- _WHAT TO WORK ON_:
The records that follow are to be transcribed word for word.

......

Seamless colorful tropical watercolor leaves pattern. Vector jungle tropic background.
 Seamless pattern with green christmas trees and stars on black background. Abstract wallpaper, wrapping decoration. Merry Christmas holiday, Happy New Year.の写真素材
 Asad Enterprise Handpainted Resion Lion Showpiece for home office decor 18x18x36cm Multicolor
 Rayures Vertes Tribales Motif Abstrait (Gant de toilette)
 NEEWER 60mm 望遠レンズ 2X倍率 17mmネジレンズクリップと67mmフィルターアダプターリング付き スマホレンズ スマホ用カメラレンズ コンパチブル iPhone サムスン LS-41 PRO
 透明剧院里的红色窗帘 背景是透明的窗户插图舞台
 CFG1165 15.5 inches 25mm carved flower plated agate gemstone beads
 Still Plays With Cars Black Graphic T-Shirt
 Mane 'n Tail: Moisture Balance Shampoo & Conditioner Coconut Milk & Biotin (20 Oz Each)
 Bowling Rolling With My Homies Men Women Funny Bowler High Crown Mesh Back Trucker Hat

......

- _RESULT_:
Seamless colorful tropical watercolor leaves pattern. Vector jungle tropic background.
 Seamless pattern with green christmas trees and stars on black background. Abstract wallpaper, wrapping decoration. Merry Christmas holiday, Happy New Year.の写真素材
 Asad Enterprise Handpainted Resion Lion Showpiece for home office decor 18x18x36cm Multicolor
 Rayures Vertes Tribales Motif Abstrait (Gant de toilette)
 NEEWER 60mm 望遠レンズ 2X倍率 17mmネジレンズクリップと67mmフィルターアダプターリング付き スマホレンズ スマホ用カメラレンズ コンパチブル iPhone サムスン LS-41 PRO
 透明剧院里的红色窗帘 背景是透明的窗户插图舞台
 CFG1165 15.5 inches 25mm carved flower plated agate gemstone beads
 Still Plays With Cars Black Graphic T-Shirt
 Mane 'n Tail: Moisture Balance Shampoo & Conditioner Coconut Milk & Biotin (20 Oz Each)
 Bowling Rolling With My Homies Men Women Funny Bowler High Crown Mesh Back Trucker Hat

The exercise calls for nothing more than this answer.